JACKSON (AP) — A federal judge has denied a request by Hinds County Supervisor Phil Fisher and the Republican Party to bar the county from using its new redistricting plan in November elections, which involves only the five local election commission members.
Still pending is the original lawsuit filed in September, which asks that the new voter district lines be thrown out for multiple reasons, including, Fisher said, the contention supervisors improperly used race as a consideration in redrawing districts.
Fisher is white. The board's four black supervisors on Oct. 8 asked the court to dismiss his lawsuit, saying Fisher sued in his official capacity as a supervisor and "gerrymandering" lawsuits must be filed by an affected voter. Gerrymandering is drawing voting lines to give advantage to a certain group.
According to court records, U.S. District Judge Carlton W. Reeves on Tuesday denied Fisher's motion to stop the election and denied the other supervisors' motion to dismiss the lawsuit. Reeves has not issued a written order.

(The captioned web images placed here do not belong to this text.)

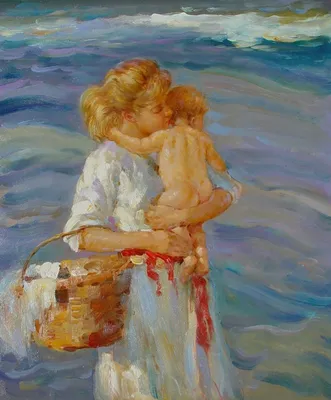 Счастливая мама обнимает своего ребенка. Мама держит ребенка на руках. Мать и  ребенок. Векторный символ в плоском стиле. - Ozero - российский фотосток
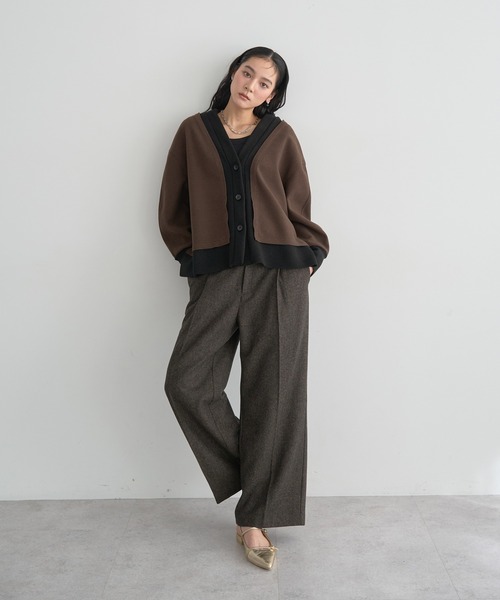 YECCA VECCA（イェッカヴェッカ）の「ニット切替メルトンVネックカーディガン（カーディガン/ボレロ・レディース・ブラウン/チャコールグレー/グレー・FREE）」の13枚目の写真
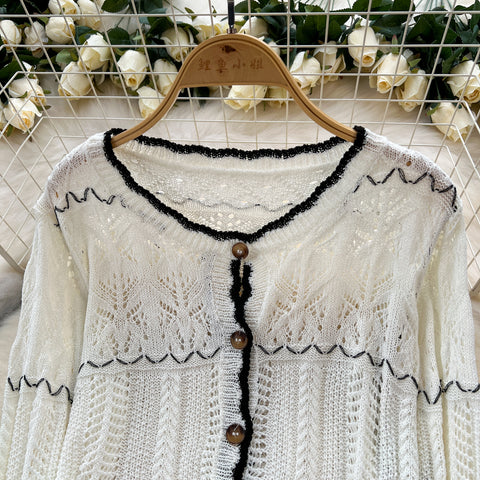 Hollowed Cardigan&Fishtail Dress Knitted 2Pcs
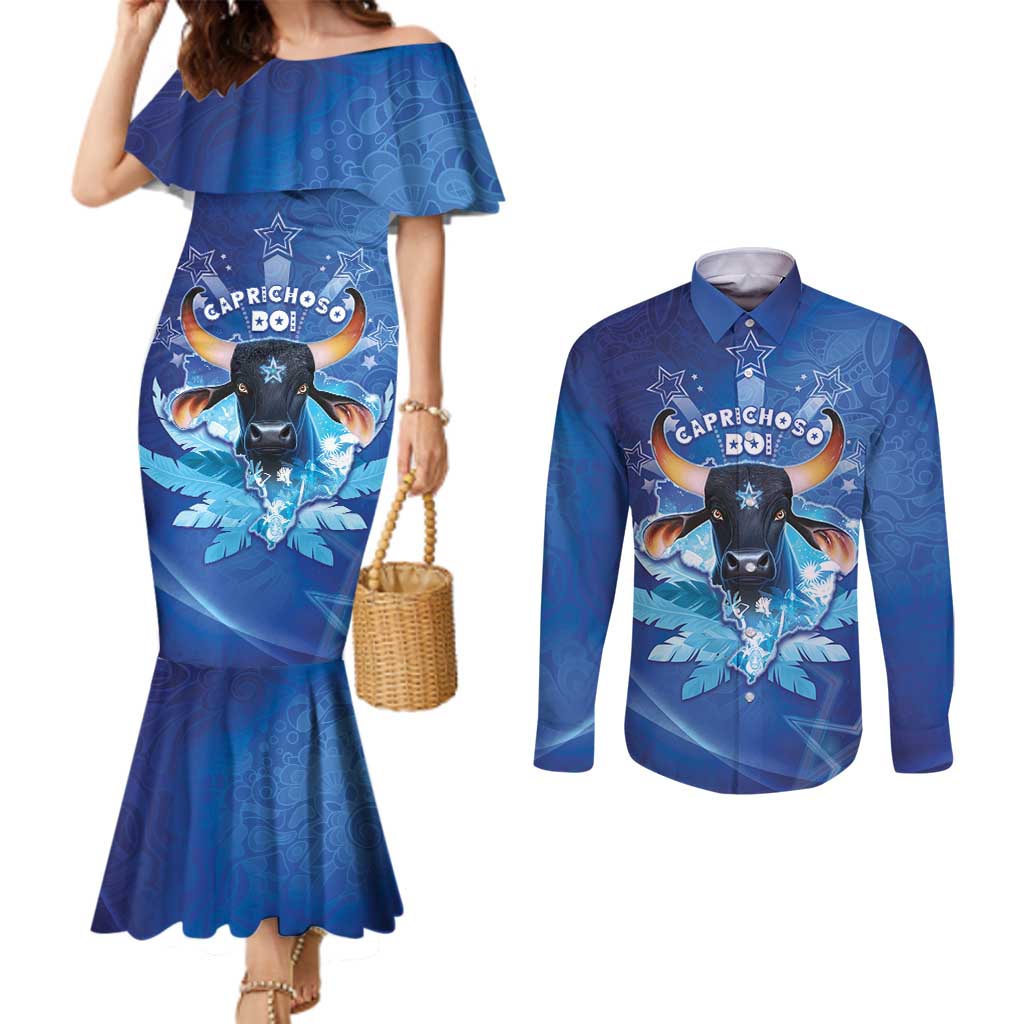 Personalized Boi Caprichoso Couples Matching Mermaid Dress and Long Sleeve Button Shirt Brazil Folklore Festival - Wonder Print Shop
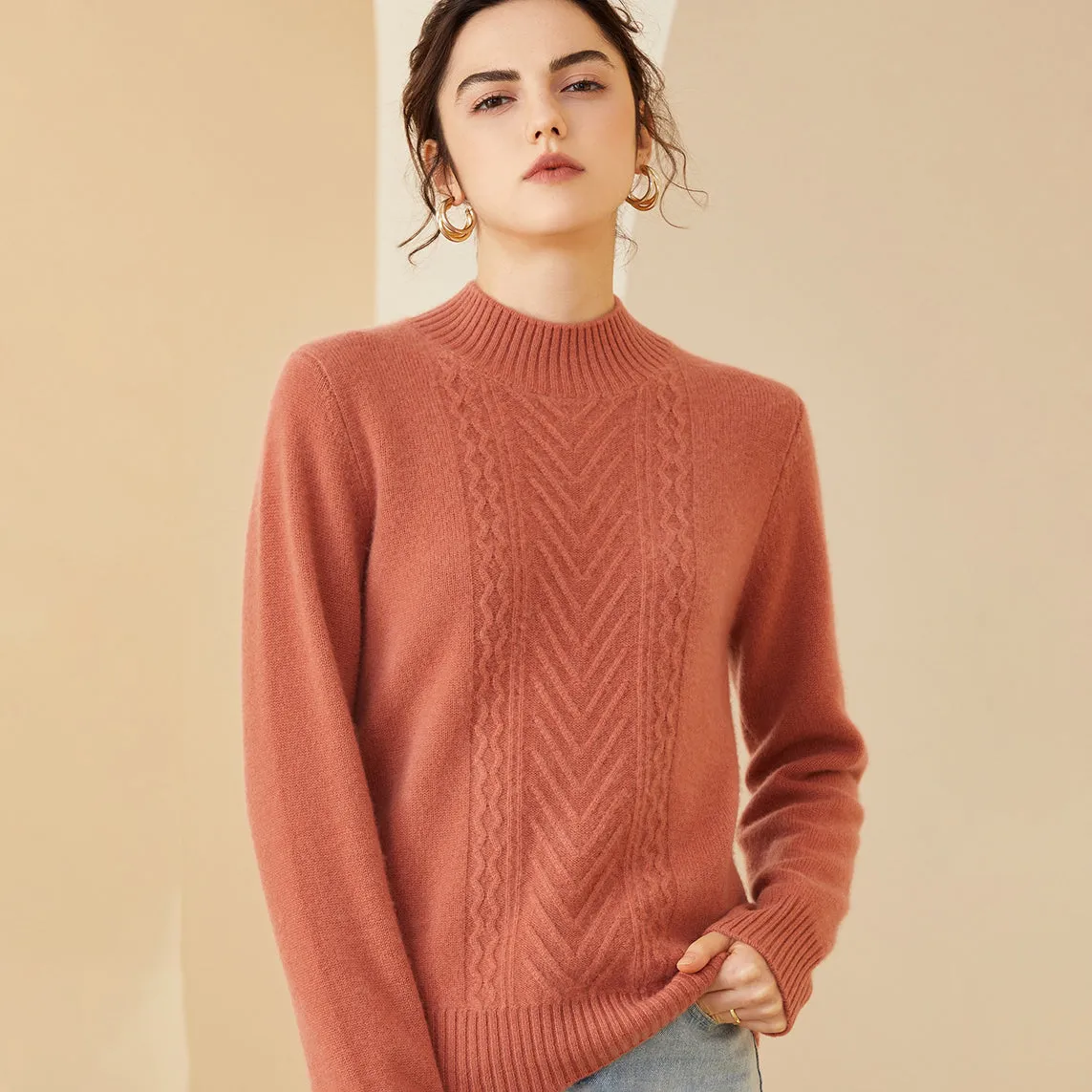 Cashmere Sweater for Women Mock neck Long Sleeve Winter Warm Cashmere Sweater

Voting districts are adjusted every 10 years based on census data. Hinds County's plan was adopted in February 2011.
Fisher's lawsuit claims there was little shift in the population of Hinds County's voting districts for supervisors and there was no need for major changes. But supervisors approved a plan that increased the black population of most districts and split the city of Clinton, which had previously been in one district, the lawsuit says.